Hagen. Mit der Enervie-Rettung muss sich am Donnerstag erneut der Hagener Rat beschäftigen. Diesmal geht es darum, die Bürgschaft in ein echtes Dahrlehn zu verwandeln.
Die Bewahrung der Enervie-Gruppe vor dem Gang zum Insolvenzgericht ist noch immer nicht endgültig abgewendet. Banken, Unternehmensberater, Juristen, AG-Vorstand und Aufsichtsräte ringen in diesen Tagen permanent um ein Eckpunkte-Papier (neudeutsch: „Term Sheet“), das Bedingungen, Fristen, Kennzahlen und Kreditlinien fixiert, die zumindest bis Jahresende ein weiteres Stillhalten der inzwischen gut 30 Gläubigerbanken garantiert. Ziel bleibt es, mit Hilfe der Unternehmensberater von „Roland Berger Strategy Consultants“ ein Finanzierungskonzept auf die Beine zu stellen, das eine Restrukturierung des strauchelnden Energieversorgers bis zum Jahresende 2019 gewährleistet.
Verzinsung von 4,22 Prozent
Eine wesentliche Grundlage für diesen Weg bilden millionenschwere Gesellschafterbeiträge der drei größten Aktionäre (Stadt Hagen, Lüdenscheid und Remondis), die bislang lediglich als so genannte Patronatsbürgschaften (Garantieerklärung) vom Rat beschlossen wurden. An diesem Donnerstag muss das Stadtparlament in nicht-öffentlicher Sitzung den 30-Millionen-Euro-Anteil in einen echten Cash-Beitrag verwandeln. Der volle Betrag, so der aktuelle Verhandlungsstand mit den Banken, soll bereits bis Oktober 2015 abgerufen werden. Letztlich wird das Geld, so hat der Aufsichtsrat bereits zugestimmt, aus dem Haus der Hagener Versorgungs- und Verkehrsgesellschaft (HVG) fließen, die dafür Fondsanteile veräußert. Der Zinssatz soll bei 4,22 Prozent/Jahr liegen. Das hat nach Angaben der HVG jedoch zur Folge, dass das Unternehmen bereits 2016 nicht mehr in der Lage ist, die ausfallende Enervie-Dividende in Höhe von etwa sieben Millionen Euro aus eigenen Rücklagen aufzufangen. Eine direkte Darlehnsgewährung der Stadt Hagen an Enervie ist aber ebenfalls unmöglich, weil die Kommunalaufsicht eine solche Vorgehensweise per Nachtragshaushalt angesichts der leeren Kassen des Kämmerers niemals genehmigen würde. Allerdings wird die Stadt Hagen, um die Risiken für die HVG ein wenig abzufedern, eine Ausfallbürgschaft über knapp 23,9 Millionen Euro übernehmen. Eine höhere Quote lässt das EU-Beihilferecht nicht zu.
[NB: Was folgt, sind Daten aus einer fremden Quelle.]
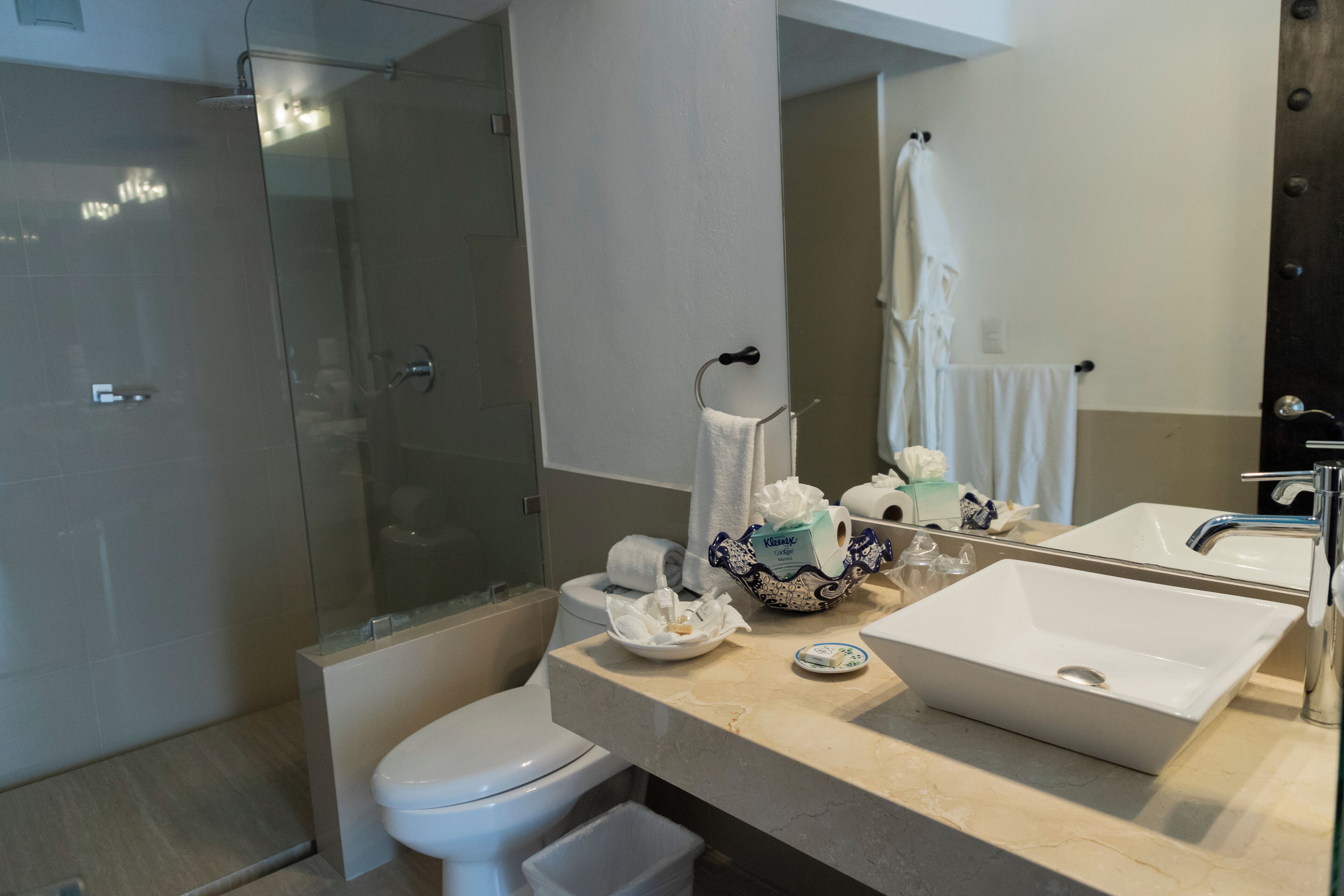 coronel suite, king bed, garden area | bathroom | shower, free toiletries, hair dryer, bathrobes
HVG muss sich hinten anstellen
Bei der Rückzahlung des Cash-Beitrages muss die HVG sich zudem hinter den Interessen der Banken anstellen. Diese haben zur Stärkung der Enervie-Eigenkapitalquote auf einer klaren Rangrücktrittserklärung bestanden, was konkret bedeutet: Eine Rückzahlung des Gesellschafterdarlehns ist erst möglich, wenn die Enervie-Sanierung gemäß des Restrukturierungsplanes erfolgreich abgeschlossen ist, der Sanierungsberater dies bestätigt hat und alle während der Sanierungsphase von den Banken gestundeten Tilgungen auch gezahlt sind. Zwischenzeitig stand sogar noch die Forderung der Kreditgeber im Raum, die Hauptaktionäre sollten zur Absicherung der Bankenforderungen ihre Aktienpakete verpfänden. Doch dieses zumindest für die Stadt Hagen völlig indiskutable Ansinnen ist inzwischen wieder vom Tisch.
Wann das fast 60-seitige Eckdaten-Papier („Term-Sheet“) mit den Banken, das als Vorstufe für das mittelfristige Finanzierungskonzept gilt, final ausverhandelt ist, bleibt freilich weiterhin offen. Solange diese Anschluss-Stillhaltevereinbarung nicht steht, lassen auch die endgültigen Wahrheiten des Restrukturierungsplanes (Stellenabbau, Verkäufe, Verschlankungen, Vorstandsreduzierung) weiter auf sich warten.